## Task details
In the material below, find the line with "NISSAN KICKS" and the line with "Spacious, unfurnished interior", then output those two lines and every line between them, exactly.

## The data
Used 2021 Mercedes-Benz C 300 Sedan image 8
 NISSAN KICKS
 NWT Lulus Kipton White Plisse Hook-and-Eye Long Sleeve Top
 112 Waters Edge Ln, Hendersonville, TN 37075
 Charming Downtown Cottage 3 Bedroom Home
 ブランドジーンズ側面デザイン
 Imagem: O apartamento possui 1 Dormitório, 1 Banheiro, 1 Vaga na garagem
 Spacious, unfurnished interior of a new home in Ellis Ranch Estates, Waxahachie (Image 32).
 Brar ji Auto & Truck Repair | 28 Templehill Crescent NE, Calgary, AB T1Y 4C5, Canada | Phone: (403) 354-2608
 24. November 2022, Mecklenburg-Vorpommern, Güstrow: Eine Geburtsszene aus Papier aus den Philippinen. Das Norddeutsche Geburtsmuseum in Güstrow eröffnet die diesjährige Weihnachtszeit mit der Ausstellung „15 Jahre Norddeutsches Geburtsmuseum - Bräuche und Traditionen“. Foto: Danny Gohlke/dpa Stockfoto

## Answer box
 NISSAN KICKS
 NWT Lulus Kipton White Plisse Hook-and-Eye Long Sleeve Top
 112 Waters Edge Ln, Hendersonville, TN 37075
 Charming Downtown Cottage 3 Bedroom Home
 ブランドジーンズ側面デザイン
 Imagem: O apartamento possui 1 Dormitório, 1 Banheiro, 1 Vaga na garagem
 Spacious, unfurnished interior of a new home in Ellis Ranch Estates, Waxahachie (Image 32).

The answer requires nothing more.